- _Data to process_:
......
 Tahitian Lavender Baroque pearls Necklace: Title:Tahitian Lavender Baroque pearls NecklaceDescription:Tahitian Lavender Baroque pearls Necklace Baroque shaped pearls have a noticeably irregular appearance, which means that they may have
......
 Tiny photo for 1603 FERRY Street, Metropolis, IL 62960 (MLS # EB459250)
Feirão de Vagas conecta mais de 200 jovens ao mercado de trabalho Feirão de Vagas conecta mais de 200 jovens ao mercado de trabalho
......
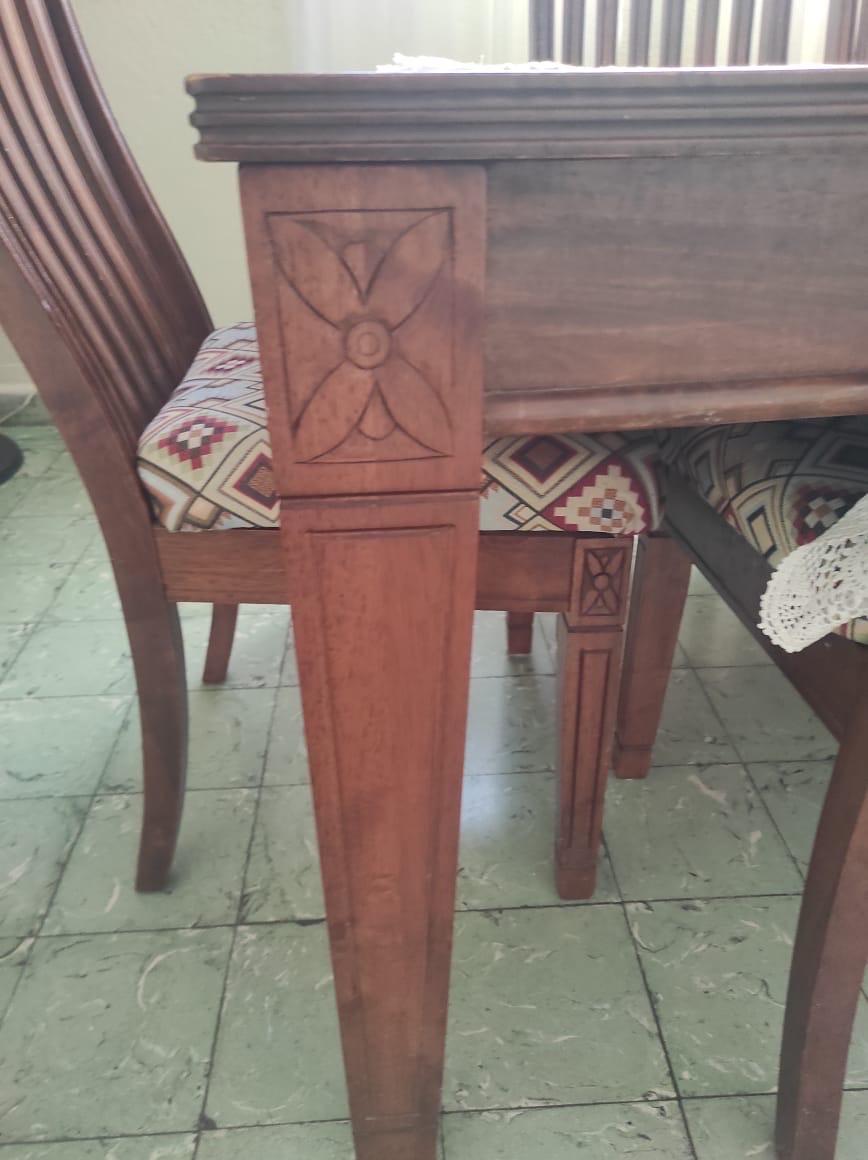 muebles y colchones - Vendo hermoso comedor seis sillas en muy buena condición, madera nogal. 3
......
- _Task requirements_:
Every line from the line containing "Tiny photo for" through the line containing "de trabalho Feirão" in the records above must be retyped exactly. Leave out the rest.

- _Answer space_:
 Tiny photo for 1603 FERRY Street, Metropolis, IL 62960 (MLS # EB459250)
Feirão de Vagas conecta mais de 200 jovens ao mercado de trabalho Feirão de Vagas conecta mais de 200 jovens ao mercado de trabalho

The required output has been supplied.